I rushed at Vista, a quick attack before she can stretch space... and. yep, that's some Alice-in-wonderland like effect there. I'm not making much progress towards her... how about to the side. Nope... fantastic already inside of her warped space.

She just giggled.

Alright, she's just a twelve-year-old... cute attack go!

Widening my eyes, I fell to the ground, whimpering at all of the weird stretched out space around me. I looked over at her and made the saddest of faces with my large ears drooping down behind me. I slowly started curling up into a poor defenseless ball of despair and fear.

She cracked and space unwarped before she rushed over to give me a hug.

I grabbed her with all four arms, "Gotcha!"

Her face turned an interesting shade of red, "You... you tricked me!" she said with all the indignation and anger a twelve-year-old could produce. Before she punched me alongside my grinning head.

"It's just a spar, calm down." I said as she rubbed her fist with her other hand.

"Fantastic, finally over, everyone take a shower and then let's go have some dinner." Battery shouted.

I could feel Vista's anger and her shock at being betrayed settle into my stomach like a cold hard lump. I felt like a lump of bliznak.

"Help me... my legs, they're oh so broken, Aegis. Aegis carry me! Be my shining knight in shining armor!" said Clockblocker, rolling onto his stomach and crawling on the ground towards him, reaching out to grasp his leg.

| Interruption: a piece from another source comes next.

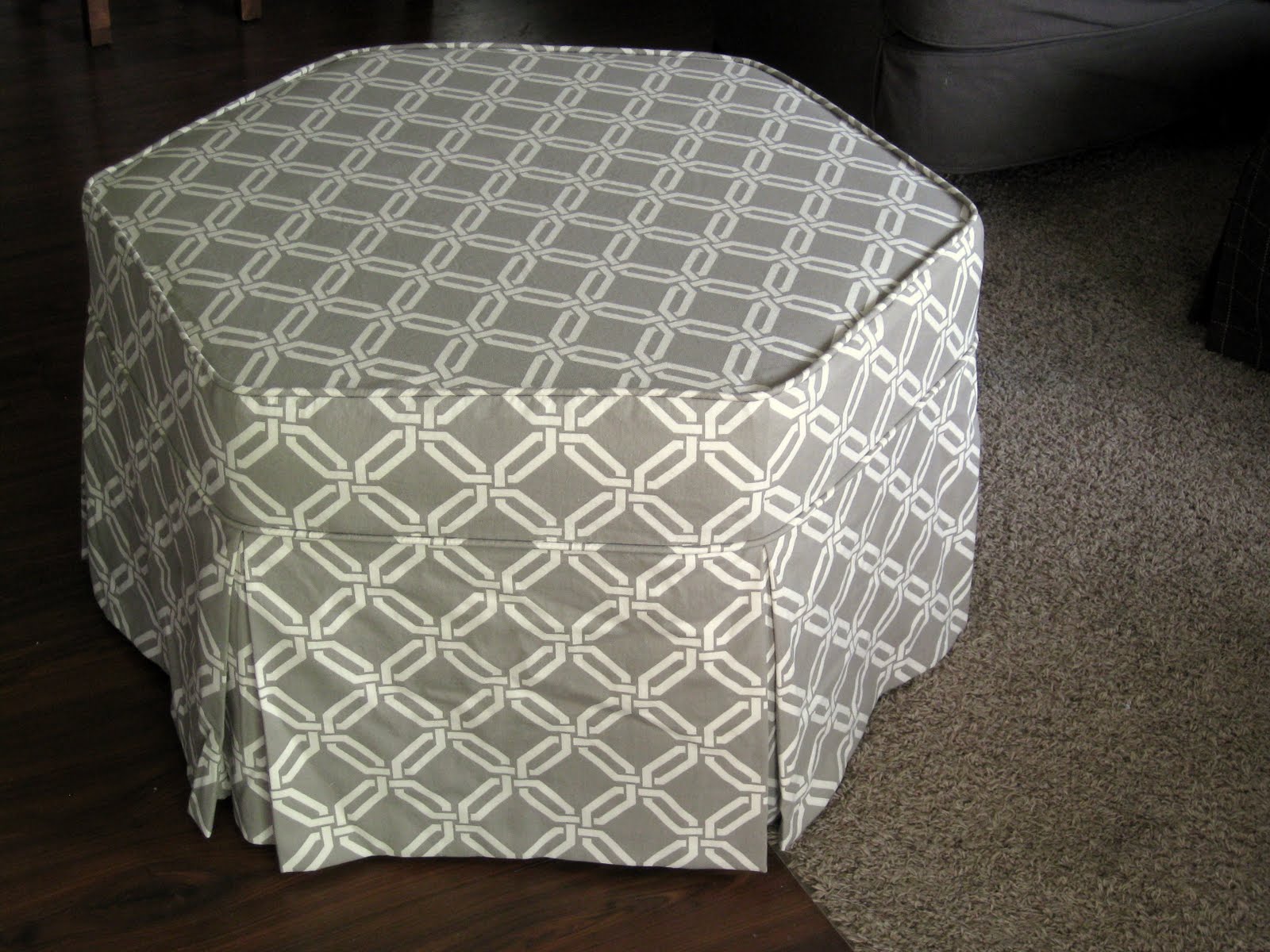 Custom Slipcovers by Shelley Gray Hexagon Ottoman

"Nope," said Aegis as he dodged Clockblocker's outstretched hand and sprinted for the showers.

"Oh woe is me, my teammates have abandoned me!" wailed Clockblocker.

Everyone else shuffled to their feet and headed to the shower areas, avoiding Clockblocker's prone form on the floor. I went ahead and grabbed him by the arm and dragged him behind me.

"Ow ow, goddamn you got some sharp claws on those hands. Sheesh let go, already."

"Fine" I dropped his arm.

He quickly smiled, tagged me with his hand, and the entire gym emptied instantly.

Bliznak

I had to wait for one of the showers to open up, the water was cold and by the time I got out the room was empty.